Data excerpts
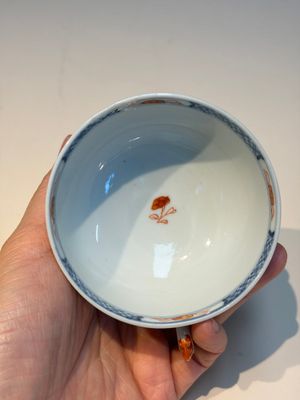 Ten Chinese Imari-style 'Riverscape' cups and saucers, Qianlong — photo 49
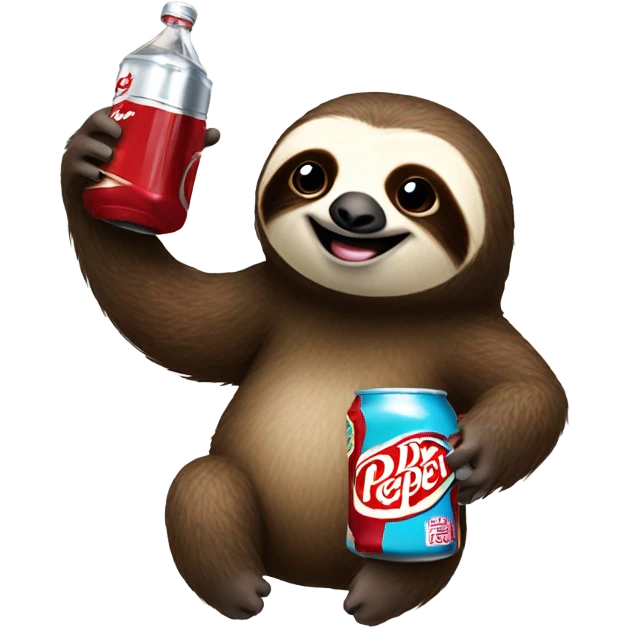 sloth drinking a dr pepper  emoji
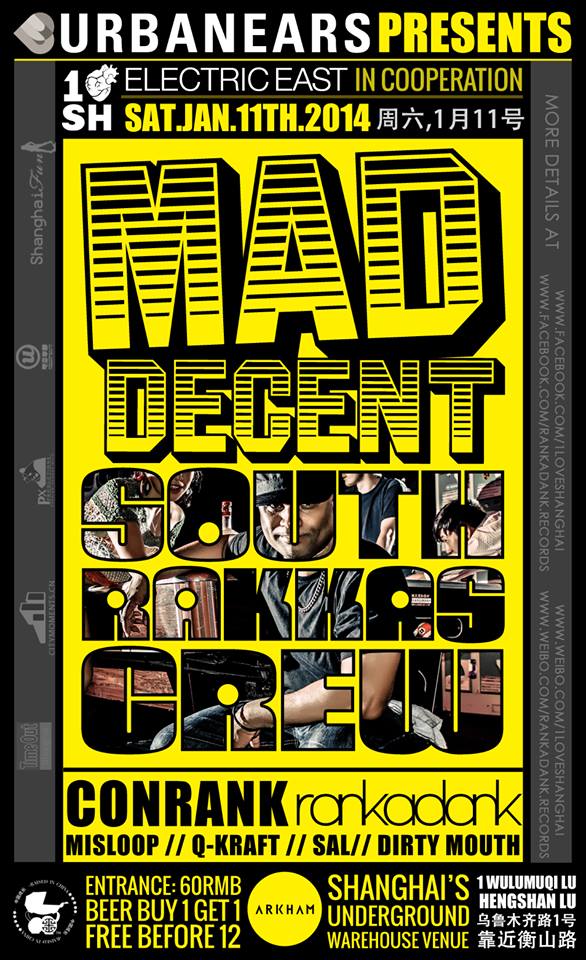 MAD DECENT's SOUTH RAKKAS CREW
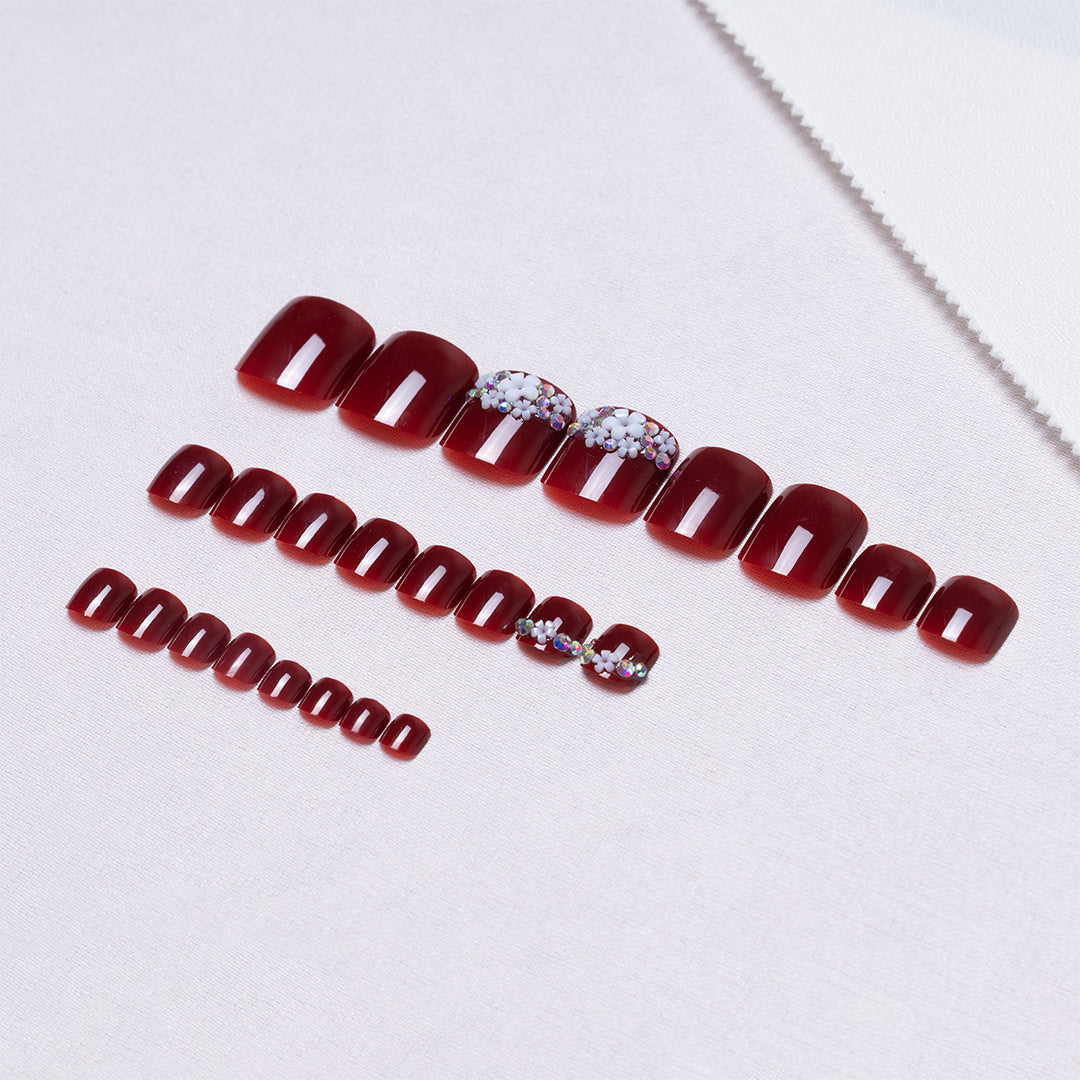 Rhinestone Decorative Pedicure Nail Art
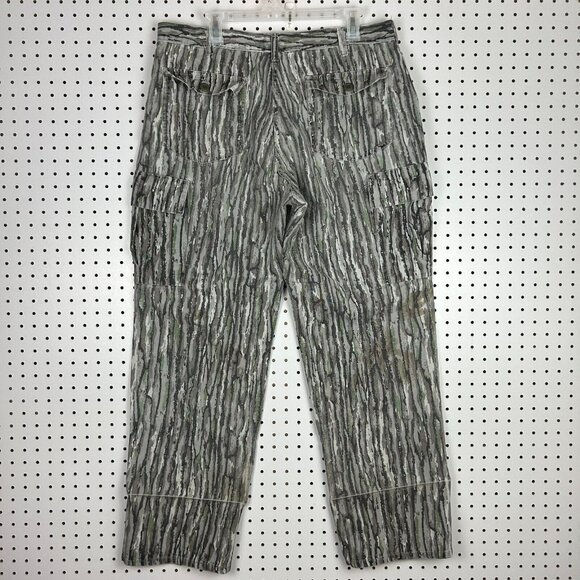 Treebark Vintage Camo Cargo Pants 36x32 Baggy Y2K 90s Hunting Camouflage Wide - Picture 1 of 5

Exercise requirements: For this exercise, print all of the entries exactly as they appear, but without pictures.

Reply to the exercise:
 Ten Chinese Imari-style 'Riverscape' cups and saucers, Qianlong — photo 49
 sloth drinking a dr pepper  emoji
 MAD DECENT's SOUTH RAKKAS CREW
 Rhinestone Decorative Pedicure Nail Art
 Treebark Vintage Camo Cargo Pants 36x32 Baggy Y2K 90s Hunting Camouflage Wide - Picture 1 of 5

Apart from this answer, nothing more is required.